Scaloni berbicara tentang keyakinan, bahkan mungkin takdir, dalam konferensi pers pasca-pertandingan, dan kisah kepelatihannya di Argentina dibangun di atas hasil-hasil serupa. Di Qatar, mereka dua kali kehilangan keunggulan dua gol namun menang lewat adu penalti, termasuk di final melawan Prancis. Gol kemenangan Lautaro di final Copa America 2024 pun tercipta di masa perpanjangan waktu. Tim ini seperti hidup dari keyakinan, dan mereka percaya bisa melakukan hal yang sama melawan Spanyol akhir pekan ini.
PECUNDANG: Kompleks Inferioritas Inggris
Tuchel adalah pelatih yang dikenal realistis dan fokus pada aspek permainan. Ia dipercaya karena kemampuannya membaca situasi dan memberikan respons yang tepat. Namun, ada hal-hal yang bahkan pelatih terbaik pun sulit atasi.
Tuchel mengatakan bahwa setelah Argentina kebobolan, La Albiceleste bermain dengan semangat baru, semangat total yang tidak terlihat di awal pertandingan. Namun meski Argentina meningkat, Inggris justru kehilangan kendali sepenuhnya.
“Ini cerita yang mirip dengan turnamen-turnamen sebelumnya,” kata Kane. “Kami kesulitan menjaga momentum permainan. Kami bermain sangat baik selama 60 menit, mencetak gol, dan pantas unggul.

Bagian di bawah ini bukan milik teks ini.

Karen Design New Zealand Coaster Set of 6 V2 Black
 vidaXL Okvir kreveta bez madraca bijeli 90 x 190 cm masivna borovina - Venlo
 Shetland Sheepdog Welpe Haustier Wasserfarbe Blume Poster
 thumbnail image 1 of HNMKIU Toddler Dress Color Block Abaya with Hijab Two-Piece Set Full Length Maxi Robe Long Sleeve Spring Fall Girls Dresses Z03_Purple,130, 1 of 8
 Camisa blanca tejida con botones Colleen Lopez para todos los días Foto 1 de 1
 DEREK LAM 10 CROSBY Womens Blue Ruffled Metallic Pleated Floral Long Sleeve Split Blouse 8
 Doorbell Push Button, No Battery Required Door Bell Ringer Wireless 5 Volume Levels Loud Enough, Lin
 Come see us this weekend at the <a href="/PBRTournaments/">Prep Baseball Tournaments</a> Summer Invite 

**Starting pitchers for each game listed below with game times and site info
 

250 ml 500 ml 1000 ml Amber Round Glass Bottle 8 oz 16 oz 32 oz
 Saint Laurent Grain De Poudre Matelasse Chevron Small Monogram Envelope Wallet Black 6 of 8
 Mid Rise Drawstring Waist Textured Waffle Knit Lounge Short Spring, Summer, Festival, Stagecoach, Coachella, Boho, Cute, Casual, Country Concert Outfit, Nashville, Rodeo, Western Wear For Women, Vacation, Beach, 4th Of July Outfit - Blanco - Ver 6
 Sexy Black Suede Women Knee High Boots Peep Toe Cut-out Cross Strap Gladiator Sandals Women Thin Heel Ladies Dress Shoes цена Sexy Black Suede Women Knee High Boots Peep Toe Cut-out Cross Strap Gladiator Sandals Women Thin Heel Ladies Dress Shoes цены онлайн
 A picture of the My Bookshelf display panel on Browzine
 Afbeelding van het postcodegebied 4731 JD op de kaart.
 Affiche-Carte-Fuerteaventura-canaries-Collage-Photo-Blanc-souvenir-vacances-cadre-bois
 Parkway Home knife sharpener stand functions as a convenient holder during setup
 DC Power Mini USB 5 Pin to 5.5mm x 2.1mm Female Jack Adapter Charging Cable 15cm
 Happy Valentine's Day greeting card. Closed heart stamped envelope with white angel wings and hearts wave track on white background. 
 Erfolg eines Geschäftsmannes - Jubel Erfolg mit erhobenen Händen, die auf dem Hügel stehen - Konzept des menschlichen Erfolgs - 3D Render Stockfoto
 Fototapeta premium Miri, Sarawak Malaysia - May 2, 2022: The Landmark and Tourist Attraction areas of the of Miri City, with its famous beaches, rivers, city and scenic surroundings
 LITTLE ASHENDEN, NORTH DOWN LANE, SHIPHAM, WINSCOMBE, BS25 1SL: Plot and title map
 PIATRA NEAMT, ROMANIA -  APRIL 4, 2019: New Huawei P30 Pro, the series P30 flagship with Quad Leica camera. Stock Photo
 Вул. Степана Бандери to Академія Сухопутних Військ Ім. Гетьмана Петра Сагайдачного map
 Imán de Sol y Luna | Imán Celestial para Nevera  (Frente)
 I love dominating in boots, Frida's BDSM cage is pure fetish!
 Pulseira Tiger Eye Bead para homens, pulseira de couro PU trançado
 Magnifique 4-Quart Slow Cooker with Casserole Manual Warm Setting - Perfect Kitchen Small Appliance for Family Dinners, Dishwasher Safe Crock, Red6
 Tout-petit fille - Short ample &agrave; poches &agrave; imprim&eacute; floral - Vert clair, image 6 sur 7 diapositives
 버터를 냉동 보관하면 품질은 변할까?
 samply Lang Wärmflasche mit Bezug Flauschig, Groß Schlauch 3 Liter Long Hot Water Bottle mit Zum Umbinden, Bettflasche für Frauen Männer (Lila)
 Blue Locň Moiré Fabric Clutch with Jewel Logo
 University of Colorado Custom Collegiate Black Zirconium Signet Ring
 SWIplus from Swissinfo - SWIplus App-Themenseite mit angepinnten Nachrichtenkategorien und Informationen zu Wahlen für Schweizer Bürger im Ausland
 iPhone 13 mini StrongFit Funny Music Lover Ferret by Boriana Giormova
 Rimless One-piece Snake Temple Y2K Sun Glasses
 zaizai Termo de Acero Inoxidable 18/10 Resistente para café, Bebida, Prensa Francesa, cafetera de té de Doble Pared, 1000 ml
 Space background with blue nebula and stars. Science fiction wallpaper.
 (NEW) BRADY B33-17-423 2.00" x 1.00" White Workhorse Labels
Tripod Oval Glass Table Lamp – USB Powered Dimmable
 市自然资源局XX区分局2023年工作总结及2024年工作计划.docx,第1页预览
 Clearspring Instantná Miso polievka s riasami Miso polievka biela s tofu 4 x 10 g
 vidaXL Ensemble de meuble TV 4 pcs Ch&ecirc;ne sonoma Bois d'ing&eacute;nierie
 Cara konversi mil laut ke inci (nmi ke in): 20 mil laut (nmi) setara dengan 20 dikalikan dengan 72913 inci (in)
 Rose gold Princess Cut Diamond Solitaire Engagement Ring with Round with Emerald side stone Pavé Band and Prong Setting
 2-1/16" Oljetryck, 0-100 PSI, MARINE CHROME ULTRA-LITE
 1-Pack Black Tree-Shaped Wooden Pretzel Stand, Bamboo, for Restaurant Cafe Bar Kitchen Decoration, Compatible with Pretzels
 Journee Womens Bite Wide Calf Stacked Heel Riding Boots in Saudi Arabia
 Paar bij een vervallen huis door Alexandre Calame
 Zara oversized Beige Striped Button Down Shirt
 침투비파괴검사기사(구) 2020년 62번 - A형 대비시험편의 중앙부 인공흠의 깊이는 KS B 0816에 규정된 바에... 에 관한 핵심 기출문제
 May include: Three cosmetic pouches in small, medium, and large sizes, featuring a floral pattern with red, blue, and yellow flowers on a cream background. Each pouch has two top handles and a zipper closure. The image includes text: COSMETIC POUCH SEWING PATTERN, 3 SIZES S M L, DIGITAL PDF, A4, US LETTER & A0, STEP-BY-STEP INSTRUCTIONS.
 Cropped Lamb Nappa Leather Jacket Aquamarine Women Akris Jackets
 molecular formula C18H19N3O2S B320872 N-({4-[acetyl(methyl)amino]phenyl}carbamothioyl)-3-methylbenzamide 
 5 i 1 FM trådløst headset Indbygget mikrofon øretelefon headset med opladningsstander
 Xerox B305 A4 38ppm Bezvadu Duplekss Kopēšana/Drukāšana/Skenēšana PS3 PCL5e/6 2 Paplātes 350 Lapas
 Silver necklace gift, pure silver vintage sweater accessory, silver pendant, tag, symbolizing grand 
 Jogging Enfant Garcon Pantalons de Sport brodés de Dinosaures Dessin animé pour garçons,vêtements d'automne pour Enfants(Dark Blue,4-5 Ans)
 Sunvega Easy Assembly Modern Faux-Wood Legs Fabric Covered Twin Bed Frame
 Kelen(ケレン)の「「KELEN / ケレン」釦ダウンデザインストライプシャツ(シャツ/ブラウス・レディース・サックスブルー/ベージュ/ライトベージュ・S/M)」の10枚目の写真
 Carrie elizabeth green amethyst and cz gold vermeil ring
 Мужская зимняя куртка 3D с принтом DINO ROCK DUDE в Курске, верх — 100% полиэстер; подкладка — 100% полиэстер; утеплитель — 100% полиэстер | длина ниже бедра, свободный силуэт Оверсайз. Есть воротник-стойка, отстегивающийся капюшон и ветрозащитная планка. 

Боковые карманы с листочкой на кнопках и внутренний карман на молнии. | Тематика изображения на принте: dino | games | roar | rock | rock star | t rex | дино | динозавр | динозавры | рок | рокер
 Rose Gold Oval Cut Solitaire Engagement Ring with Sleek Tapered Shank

Tapi kemudian, entah kenapa, kami kesulitan mempertahankan bola.”
Tampaknya ada sesuatu dalam mentalitas Inggris yang menyerah di momen besar. Baik di final Euro 2024, final kontinental tiga tahun sebelumnya, atau semifinal Piala Dunia 2018, Inggris selalu gagal menunjukkan performa terbaik. Termasuk laga Rabu ini, mereka telah unggul lebih dulu dalam tiga dari empat laga itu, namun selalu kalah.
Sejak 1998, Inggris telah menghadapi tim-tim yang berada di peringkat 10 besar dunia sebanyak tujuh kali di Piala Dunia. Mereka kalah di semua kesempatan itu. Jadi, meski keputusan taktis Tuchel berperan besar dalam kekalahan kali ini, kompleks inferioritas The Three Lions tetap menjadi masalah besar yang belum terpecahkan, siapa pun pelatihnya.